ABOUT THIS EXERCISE → Your task is to retype all of the records below with complete accuracy.

Dataset records:
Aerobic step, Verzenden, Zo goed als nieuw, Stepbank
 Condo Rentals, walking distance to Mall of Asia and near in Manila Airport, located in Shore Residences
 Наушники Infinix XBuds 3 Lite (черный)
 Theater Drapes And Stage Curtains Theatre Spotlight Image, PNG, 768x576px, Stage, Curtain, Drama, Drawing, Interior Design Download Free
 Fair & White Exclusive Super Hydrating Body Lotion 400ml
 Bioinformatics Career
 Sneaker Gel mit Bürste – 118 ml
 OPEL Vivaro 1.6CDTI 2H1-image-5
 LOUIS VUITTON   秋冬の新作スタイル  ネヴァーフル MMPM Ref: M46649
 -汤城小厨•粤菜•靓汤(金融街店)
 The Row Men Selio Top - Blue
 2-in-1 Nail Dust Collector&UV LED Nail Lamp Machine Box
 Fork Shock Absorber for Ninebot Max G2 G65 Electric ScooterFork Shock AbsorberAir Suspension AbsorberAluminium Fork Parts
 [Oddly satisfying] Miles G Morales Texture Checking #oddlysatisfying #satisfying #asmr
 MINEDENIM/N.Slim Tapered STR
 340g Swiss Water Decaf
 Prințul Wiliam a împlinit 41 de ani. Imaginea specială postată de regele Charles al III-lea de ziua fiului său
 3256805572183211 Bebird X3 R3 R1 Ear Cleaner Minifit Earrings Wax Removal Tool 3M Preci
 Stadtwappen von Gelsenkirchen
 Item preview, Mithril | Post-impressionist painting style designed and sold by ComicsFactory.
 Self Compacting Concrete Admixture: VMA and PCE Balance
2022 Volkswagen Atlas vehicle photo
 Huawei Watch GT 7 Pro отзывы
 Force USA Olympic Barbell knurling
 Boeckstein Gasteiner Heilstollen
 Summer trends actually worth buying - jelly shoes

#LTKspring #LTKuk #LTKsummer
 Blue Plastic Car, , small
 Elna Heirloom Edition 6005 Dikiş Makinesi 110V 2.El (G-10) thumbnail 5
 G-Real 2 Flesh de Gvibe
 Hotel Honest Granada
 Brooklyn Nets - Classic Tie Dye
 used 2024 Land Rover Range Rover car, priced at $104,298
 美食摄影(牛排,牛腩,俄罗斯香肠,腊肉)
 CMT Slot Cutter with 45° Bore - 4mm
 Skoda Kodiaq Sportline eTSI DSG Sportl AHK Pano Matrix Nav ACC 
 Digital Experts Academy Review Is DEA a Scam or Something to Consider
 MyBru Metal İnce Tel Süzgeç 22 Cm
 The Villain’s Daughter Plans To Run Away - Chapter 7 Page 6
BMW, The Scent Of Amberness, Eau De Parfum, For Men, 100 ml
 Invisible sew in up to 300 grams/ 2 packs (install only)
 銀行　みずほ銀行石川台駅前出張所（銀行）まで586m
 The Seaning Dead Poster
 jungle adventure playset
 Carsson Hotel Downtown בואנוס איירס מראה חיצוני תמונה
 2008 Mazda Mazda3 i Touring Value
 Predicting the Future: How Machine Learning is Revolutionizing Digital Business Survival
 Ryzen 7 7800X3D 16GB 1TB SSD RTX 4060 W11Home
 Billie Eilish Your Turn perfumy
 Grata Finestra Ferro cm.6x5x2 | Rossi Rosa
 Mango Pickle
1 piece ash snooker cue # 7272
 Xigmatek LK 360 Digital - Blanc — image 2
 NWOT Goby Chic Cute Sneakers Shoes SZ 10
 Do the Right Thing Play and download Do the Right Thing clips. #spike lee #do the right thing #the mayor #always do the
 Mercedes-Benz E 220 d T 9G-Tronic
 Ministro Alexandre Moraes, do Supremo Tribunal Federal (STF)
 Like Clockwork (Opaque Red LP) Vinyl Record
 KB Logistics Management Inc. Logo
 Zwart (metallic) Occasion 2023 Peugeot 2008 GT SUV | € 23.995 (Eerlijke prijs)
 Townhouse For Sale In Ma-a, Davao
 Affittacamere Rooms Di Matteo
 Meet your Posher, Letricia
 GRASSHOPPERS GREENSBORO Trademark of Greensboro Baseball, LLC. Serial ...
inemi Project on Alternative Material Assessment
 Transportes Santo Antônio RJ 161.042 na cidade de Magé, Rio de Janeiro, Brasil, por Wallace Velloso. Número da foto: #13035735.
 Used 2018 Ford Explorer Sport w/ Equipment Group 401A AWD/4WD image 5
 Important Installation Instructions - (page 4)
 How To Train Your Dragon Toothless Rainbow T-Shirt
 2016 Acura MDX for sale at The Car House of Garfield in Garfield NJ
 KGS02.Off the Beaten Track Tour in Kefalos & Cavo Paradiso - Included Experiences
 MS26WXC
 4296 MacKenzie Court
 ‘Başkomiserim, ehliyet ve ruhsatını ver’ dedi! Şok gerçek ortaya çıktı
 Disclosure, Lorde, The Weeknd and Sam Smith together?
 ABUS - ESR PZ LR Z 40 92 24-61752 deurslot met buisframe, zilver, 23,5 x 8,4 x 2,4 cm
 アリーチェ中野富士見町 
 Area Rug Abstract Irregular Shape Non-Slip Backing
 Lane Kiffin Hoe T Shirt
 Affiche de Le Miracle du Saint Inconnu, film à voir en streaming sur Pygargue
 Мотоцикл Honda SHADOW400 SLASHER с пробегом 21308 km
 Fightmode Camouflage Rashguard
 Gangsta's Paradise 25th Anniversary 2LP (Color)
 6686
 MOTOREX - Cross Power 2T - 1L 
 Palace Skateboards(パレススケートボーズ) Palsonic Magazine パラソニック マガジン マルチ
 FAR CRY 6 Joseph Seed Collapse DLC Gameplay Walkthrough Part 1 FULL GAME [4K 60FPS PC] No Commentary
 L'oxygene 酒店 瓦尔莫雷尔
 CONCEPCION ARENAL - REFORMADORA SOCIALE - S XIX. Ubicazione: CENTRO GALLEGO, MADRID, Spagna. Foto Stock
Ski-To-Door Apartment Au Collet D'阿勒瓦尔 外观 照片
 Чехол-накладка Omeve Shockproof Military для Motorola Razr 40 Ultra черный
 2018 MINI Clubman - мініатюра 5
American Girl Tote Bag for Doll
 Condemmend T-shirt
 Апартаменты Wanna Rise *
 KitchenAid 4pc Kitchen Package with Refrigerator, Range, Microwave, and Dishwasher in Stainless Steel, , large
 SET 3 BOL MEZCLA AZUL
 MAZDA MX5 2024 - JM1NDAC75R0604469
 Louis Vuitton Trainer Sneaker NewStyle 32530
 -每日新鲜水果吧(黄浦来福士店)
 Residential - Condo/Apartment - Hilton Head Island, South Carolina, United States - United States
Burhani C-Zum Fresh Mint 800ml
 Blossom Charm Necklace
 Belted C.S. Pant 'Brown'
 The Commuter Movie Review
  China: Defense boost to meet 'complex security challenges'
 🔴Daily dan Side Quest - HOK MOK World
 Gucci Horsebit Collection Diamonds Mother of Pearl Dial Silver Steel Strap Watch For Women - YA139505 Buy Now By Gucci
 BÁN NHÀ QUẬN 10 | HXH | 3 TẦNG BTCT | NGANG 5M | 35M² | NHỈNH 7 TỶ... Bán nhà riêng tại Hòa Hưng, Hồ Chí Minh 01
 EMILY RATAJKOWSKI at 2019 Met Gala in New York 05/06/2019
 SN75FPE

ANSWER TO THE PROBLEM →
Aerobic step, Verzenden, Zo goed als nieuw, Stepbank
 Condo Rentals, walking distance to Mall of Asia and near in Manila Airport, located in Shore Residences
 Наушники Infinix XBuds 3 Lite (черный)
 Theater Drapes And Stage Curtains Theatre Spotlight Image, PNG, 768x576px, Stage, Curtain, Drama, Drawing, Interior Design Download Free
 Fair & White Exclusive Super Hydrating Body Lotion 400ml
 Bioinformatics Career
 Sneaker Gel mit Bürste – 118 ml
 OPEL Vivaro 1.6CDTI 2H1-image-5
 LOUIS VUITTON   秋冬の新作スタイル  ネヴァーフル MMPM Ref: M46649
 -汤城小厨•粤菜•靓汤(金融街店)
 The Row Men Selio Top - Blue
 2-in-1 Nail Dust Collector&UV LED Nail Lamp Machine Box
 Fork Shock Absorber for Ninebot Max G2 G65 Electric ScooterFork Shock AbsorberAir Suspension AbsorberAluminium Fork Parts
 [Oddly satisfying] Miles G Morales Texture Checking #oddlysatisfying #satisfying #asmr
 MINEDENIM/N.Slim Tapered STR
 340g Swiss Water Decaf
 Prințul Wiliam a împlinit 41 de ani. Imaginea specială postată de regele Charles al III-lea de ziua fiului său
 3256805572183211 Bebird X3 R3 R1 Ear Cleaner Minifit Earrings Wax Removal Tool 3M Preci
 Stadtwappen von Gelsenkirchen
 Item preview, Mithril | Post-impressionist painting style designed and sold by ComicsFactory.
 Self Compacting Concrete Admixture: VMA and PCE Balance
2022 Volkswagen Atlas vehicle photo
 Huawei Watch GT 7 Pro отзывы
 Force USA Olympic Barbell knurling
 Boeckstein Gasteiner Heilstollen
 Summer trends actually worth buying - jelly shoes

#LTKspring #LTKuk #LTKsummer
 Blue Plastic Car, , small
 Elna Heirloom Edition 6005 Dikiş Makinesi 110V 2.El (G-10) thumbnail 5
 G-Real 2 Flesh de Gvibe
 Hotel Honest Granada
 Brooklyn Nets - Classic Tie Dye
 used 2024 Land Rover Range Rover car, priced at $104,298
 美食摄影(牛排,牛腩,俄罗斯香肠,腊肉)
 CMT Slot Cutter with 45° Bore - 4mm
 Skoda Kodiaq Sportline eTSI DSG Sportl AHK Pano Matrix Nav ACC 
 Digital Experts Academy Review Is DEA a Scam or Something to Consider
 MyBru Metal İnce Tel Süzgeç 22 Cm
 The Villain’s Daughter Plans To Run Away - Chapter 7 Page 6
BMW, The Scent Of Amberness, Eau De Parfum, For Men, 100 ml
 Invisible sew in up to 300 grams/ 2 packs (install only)
 銀行　みずほ銀行石川台駅前出張所（銀行）まで586m
 The Seaning Dead Poster
 jungle adventure playset
 Carsson Hotel Downtown בואנוס איירס מראה חיצוני תמונה
 2008 Mazda Mazda3 i Touring Value
 Predicting the Future: How Machine Learning is Revolutionizing Digital Business Survival
 Ryzen 7 7800X3D 16GB 1TB SSD RTX 4060 W11Home
 Billie Eilish Your Turn perfumy
 Grata Finestra Ferro cm.6x5x2 | Rossi Rosa
 Mango Pickle
1 piece ash snooker cue # 7272
 Xigmatek LK 360 Digital - Blanc — image 2
 NWOT Goby Chic Cute Sneakers Shoes SZ 10
 Do the Right Thing Play and download Do the Right Thing clips. #spike lee #do the right thing #the mayor #always do the
 Mercedes-Benz E 220 d T 9G-Tronic
 Ministro Alexandre Moraes, do Supremo Tribunal Federal (STF)
 Like Clockwork (Opaque Red LP) Vinyl Record
 KB Logistics Management Inc. Logo
 Zwart (metallic) Occasion 2023 Peugeot 2008 GT SUV | € 23.995 (Eerlijke prijs)
 Townhouse For Sale In Ma-a, Davao
 Affittacamere Rooms Di Matteo
 Meet your Posher, Letricia
 GRASSHOPPERS GREENSBORO Trademark of Greensboro Baseball, LLC. Serial ...
inemi Project on Alternative Material Assessment
 Transportes Santo Antônio RJ 161.042 na cidade de Magé, Rio de Janeiro, Brasil, por Wallace Velloso. Número da foto: #13035735.
 Used 2018 Ford Explorer Sport w/ Equipment Group 401A AWD/4WD image 5
 Important Installation Instructions - (page 4)
 How To Train Your Dragon Toothless Rainbow T-Shirt
 2016 Acura MDX for sale at The Car House of Garfield in Garfield NJ
 KGS02.Off the Beaten Track Tour in Kefalos & Cavo Paradiso - Included Experiences
 MS26WXC
 4296 MacKenzie Court
 ‘Başkomiserim, ehliyet ve ruhsatını ver’ dedi! Şok gerçek ortaya çıktı
 Disclosure, Lorde, The Weeknd and Sam Smith together?
 ABUS - ESR PZ LR Z 40 92 24-61752 deurslot met buisframe, zilver, 23,5 x 8,4 x 2,4 cm
 アリーチェ中野富士見町 
 Area Rug Abstract Irregular Shape Non-Slip Backing
 Lane Kiffin Hoe T Shirt
 Affiche de Le Miracle du Saint Inconnu, film à voir en streaming sur Pygargue
 Мотоцикл Honda SHADOW400 SLASHER с пробегом 21308 km
 Fightmode Camouflage Rashguard
 Gangsta's Paradise 25th Anniversary 2LP (Color)
 6686
 MOTOREX - Cross Power 2T - 1L 
 Palace Skateboards(パレススケートボーズ) Palsonic Magazine パラソニック マガジン マルチ
 FAR CRY 6 Joseph Seed Collapse DLC Gameplay Walkthrough Part 1 FULL GAME [4K 60FPS PC] No Commentary
 L'oxygene 酒店 瓦尔莫雷尔
 CONCEPCION ARENAL - REFORMADORA SOCIALE - S XIX. Ubicazione: CENTRO GALLEGO, MADRID, Spagna. Foto Stock
Ski-To-Door Apartment Au Collet D'阿勒瓦尔 外观 照片
 Чехол-накладка Omeve Shockproof Military для Motorola Razr 40 Ultra черный
 2018 MINI Clubman - мініатюра 5
American Girl Tote Bag for Doll
 Condemmend T-shirt
 Апартаменты Wanna Rise *
 KitchenAid 4pc Kitchen Package with Refrigerator, Range, Microwave, and Dishwasher in Stainless Steel, , large
 SET 3 BOL MEZCLA AZUL
 MAZDA MX5 2024 - JM1NDAC75R0604469
 Louis Vuitton Trainer Sneaker NewStyle 32530
 -每日新鲜水果吧(黄浦来福士店)
 Residential - Condo/Apartment - Hilton Head Island, South Carolina, United States - United States
Burhani C-Zum Fresh Mint 800ml
 Blossom Charm Necklace
 Belted C.S. Pant 'Brown'
 The Commuter Movie Review
  China: Defense boost to meet 'complex security challenges'
 🔴Daily dan Side Quest - HOK MOK World
 Gucci Horsebit Collection Diamonds Mother of Pearl Dial Silver Steel Strap Watch For Women - YA139505 Buy Now By Gucci
 BÁN NHÀ QUẬN 10 | HXH | 3 TẦNG BTCT | NGANG 5M | 35M² | NHỈNH 7 TỶ... Bán nhà riêng tại Hòa Hưng, Hồ Chí Minh 01
 EMILY RATAJKOWSKI at 2019 Met Gala in New York 05/06/2019
 SN75FPE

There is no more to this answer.